## What you should do
Would you print only the lines running from the one with "200 Lake Amah Lee Road, Hampton, GA 30228" to the final line of the data below, word for word and without pictures?

## Stored data
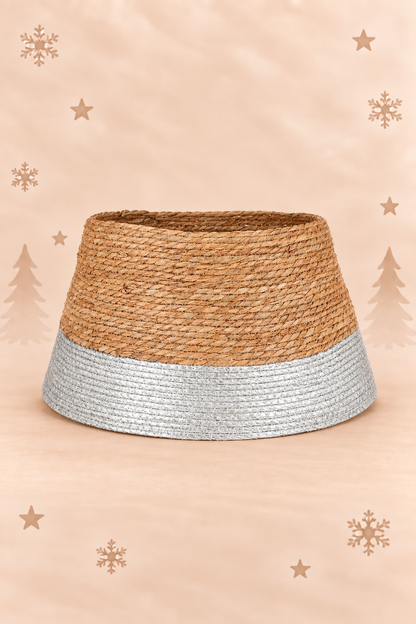Kerstboomrok van naturel zeegras Ø 50 cm met zilverkleurige onderzijde van House of Seasons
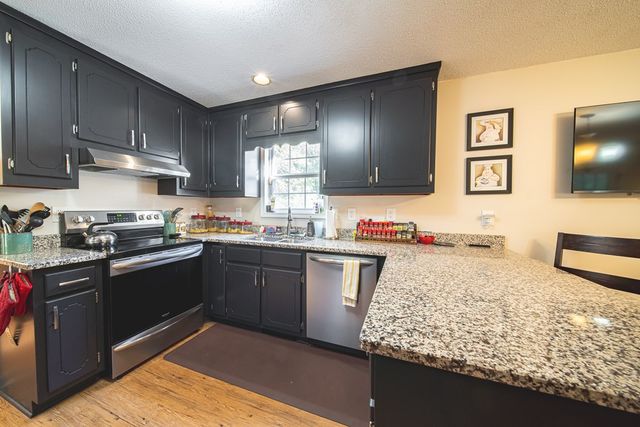 200 Lake Amah Lee Road, Hampton, GA 30228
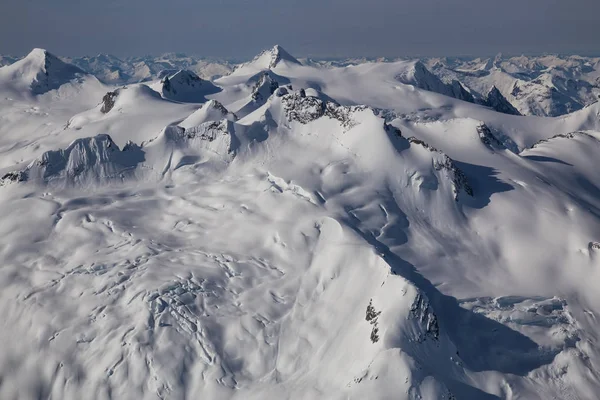 Krajobraz śnieżnych gór — Zdjęcie stockowe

## Exercise result
 200 Lake Amah Lee Road, Hampton, GA 30228
 Krajobraz śnieżnych gór — Zdjęcie stockowe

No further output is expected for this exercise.